Required action
Your task is to print all of the data below exactly, with no pictures included.

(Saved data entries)
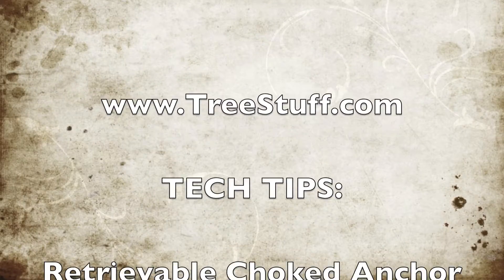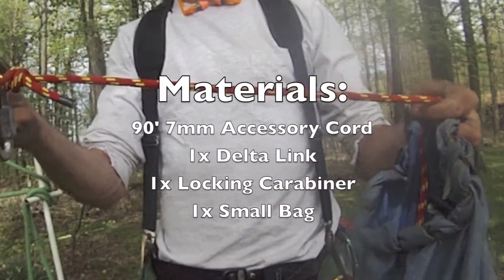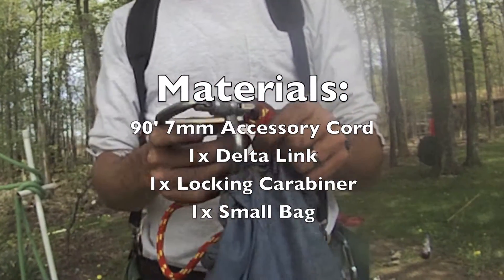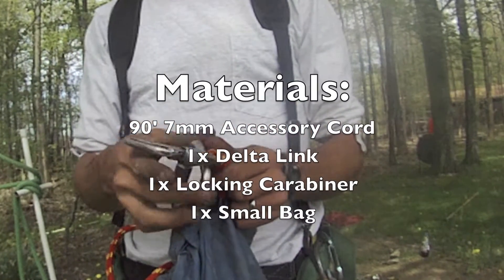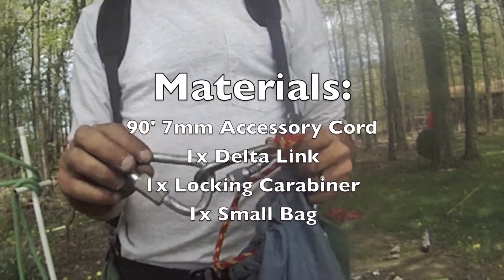TreeStuff.com Tech Tips presents a Retrievable Choked Anchor. The materials that you'll need are 90 feet of 7mm accessory cord, one rated delta link, one locking carabiner, and one small vest.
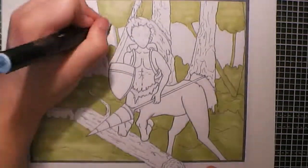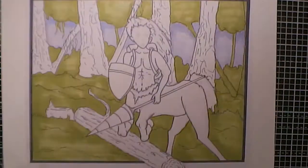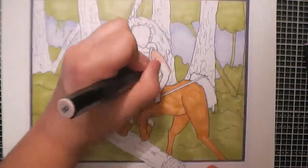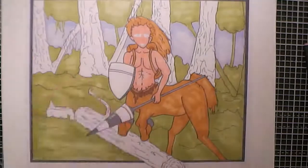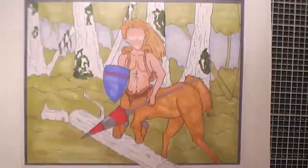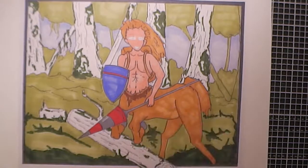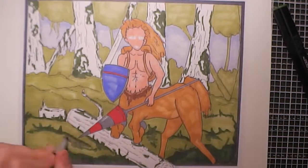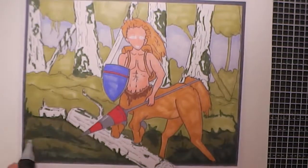I initially started off by doing a bit of blocking in with the various colours for the background — a bit of green and also blue for the sky right at the far back. I just used a really light blue and decided not to add much more detail there. For the furthest trees, I added a lightish green before applying a bit of brown, keeping detail minimal to create that sense of depth, and I did the green foliage up at the top.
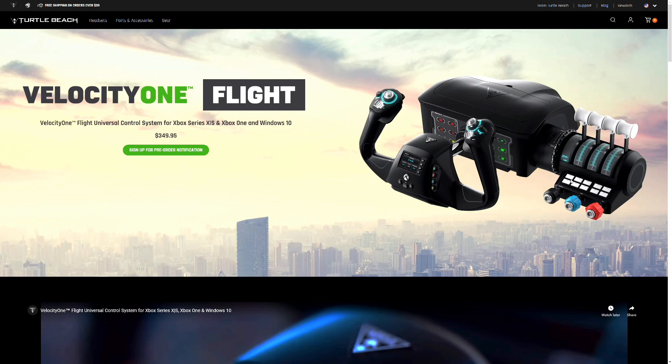Hey, what's up guys? It's me, Mr. 4K Upscaler. I know there's a Honeycomb controller which is fine, but this right here — the Velocity One by Turtle Beach — I think it's going to be a big deal and I want to talk about it a little bit.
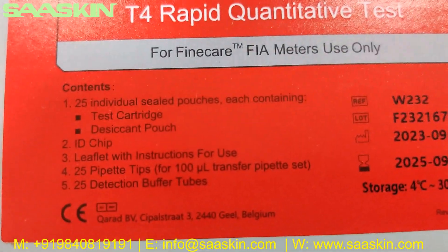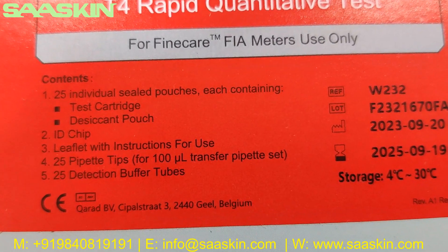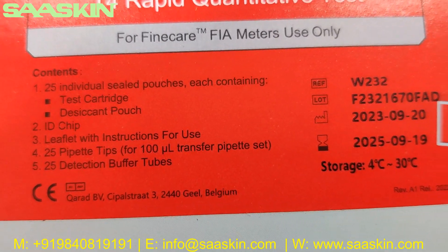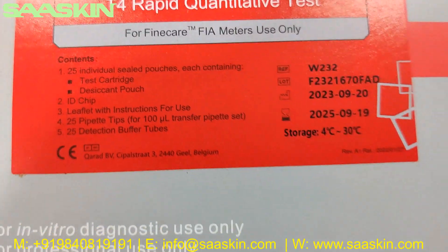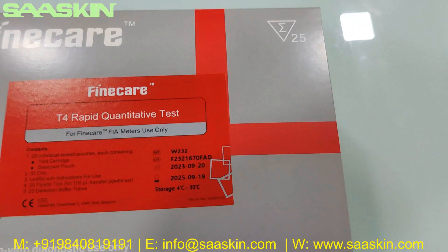In a standard box, you get 25 individual sealed test cartridges, 1 ID chip, 1 leaflet with IFU, 25 paper tips, and 25 retraction buffers. This is a CE-IVD certified product and it is a 25 test kit pack.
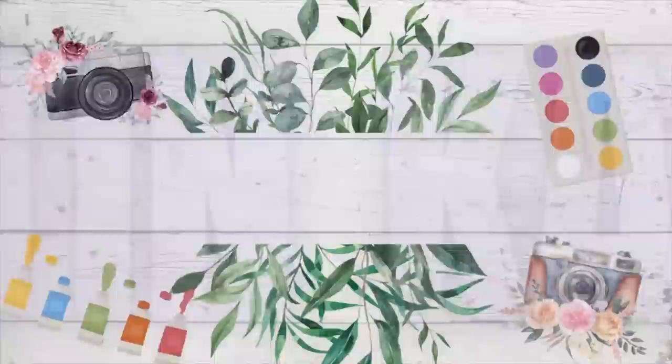Hey guys, welcome to my channel. I'm Kristen and today I'm sharing with you guys Dollar Tree Easter DIYs.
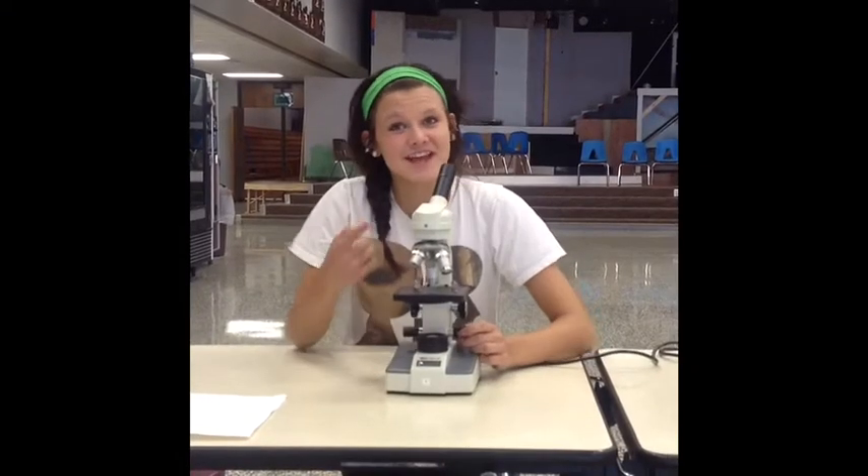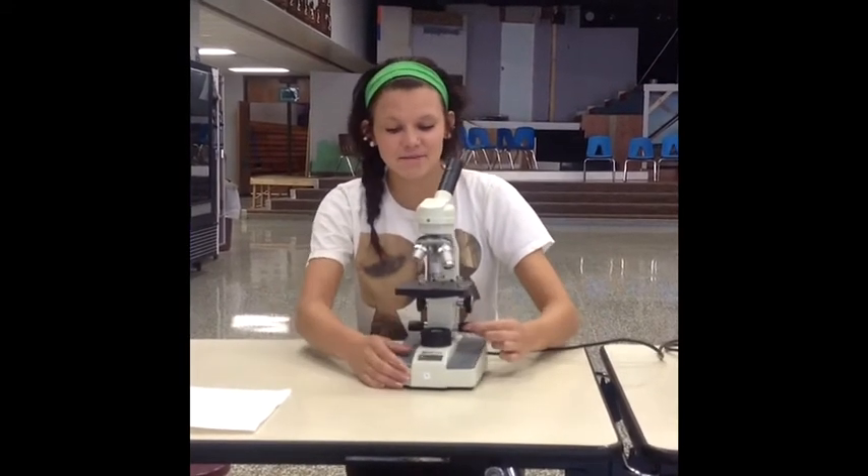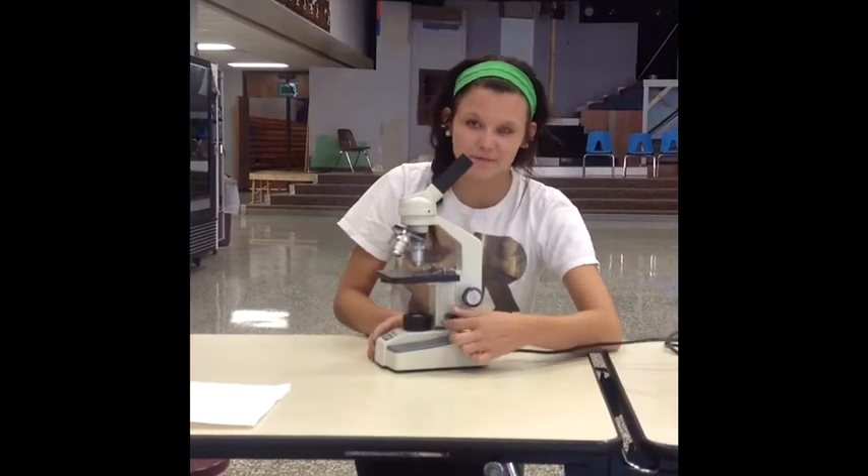Now when you look into the eyepiece, you may not see much of anything. This is a simple fix, ladies and gentlemen, easily done by turning your fine adjustment knobs towards the bottom.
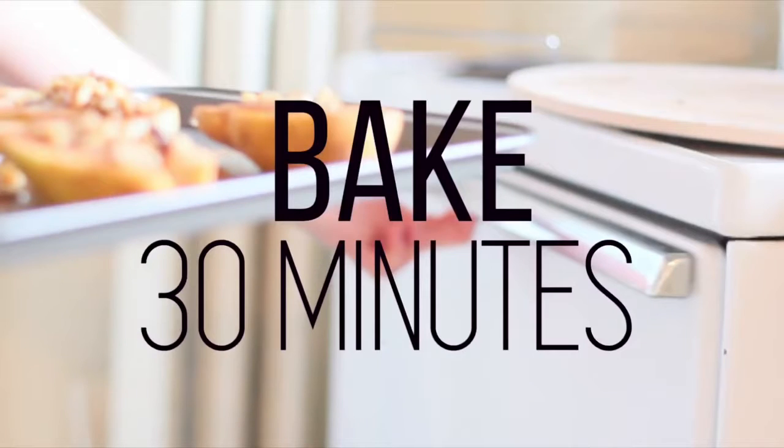After that, put it in the oven and bake for 30 minutes. That is all you have to do.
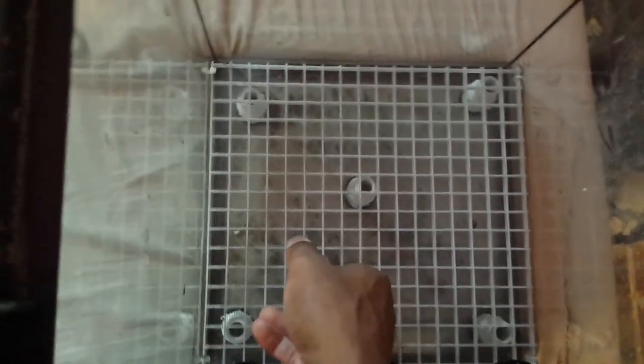You can also use Great Stuff to fill the gaps — I've been using Great Stuff to fill the gaps. I'm going to drill a hole in the back for the drain so that the water drains out automatically and I don't have to siphon it out, which is nasty.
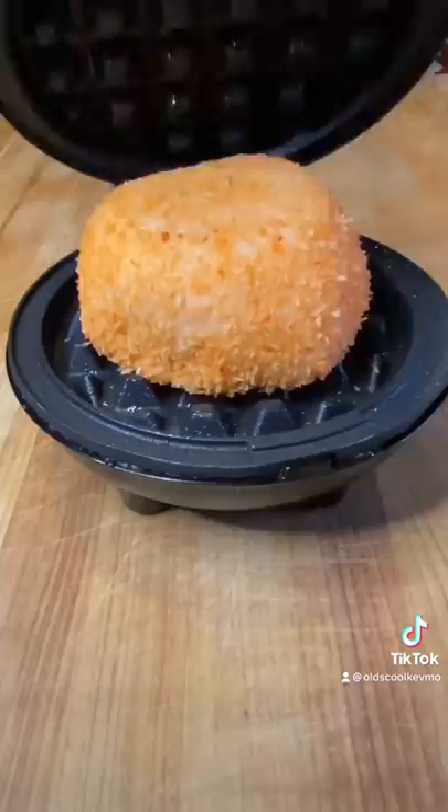So guys, let's play with the mini waffle iron. I got a bunch of snacks and we're ready to go. I got snowballs, lemon bunts, ho-hos, and orange cupcakes. We're just going to smash them down and see what happens.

Exercise response
TreeStuff.com Tech Tips presents a Retrievable Choked Anchor. The materials that you'll need are 90 feet of 7mm accessory cord, one rated delta link, one locking carabiner, and one small vest.
I initially started off by doing a bit of blocking in with the various colours for the background — a bit of green and also blue for the sky right at the far back. I just used a really light blue and decided not to add much more detail there. For the furthest trees, I added a lightish green before applying a bit of brown, keeping detail minimal to create that sense of depth, and I did the green foliage up at the top.
Hey, what's up guys? It's me, Mr. 4K Upscaler. I know there's a Honeycomb controller which is fine, but this right here — the Velocity One by Turtle Beach — I think it's going to be a big deal and I want to talk about it a little bit.
In a standard box, you get 25 individual sealed test cartridges, 1 ID chip, 1 leaflet with IFU, 25 paper tips, and 25 retraction buffers. This is a CE-IVD certified product and it is a 25 test kit pack.
Hey guys, welcome to my channel. I'm Kristen and today I'm sharing with you guys Dollar Tree Easter DIYs.
Now when you look into the eyepiece, you may not see much of anything. This is a simple fix, ladies and gentlemen, easily done by turning your fine adjustment knobs towards the bottom.
After that, put it in the oven and bake for 30 minutes. That is all you have to do.
You can also use Great Stuff to fill the gaps — I've been using Great Stuff to fill the gaps. I'm going to drill a hole in the back for the drain so that the water drains out automatically and I don't have to siphon it out, which is nasty.
So guys, let's play with the mini waffle iron. I got a bunch of snacks and we're ready to go. I got snowballs, lemon bunts, ho-hos, and orange cupcakes. We're just going to smash them down and see what happens.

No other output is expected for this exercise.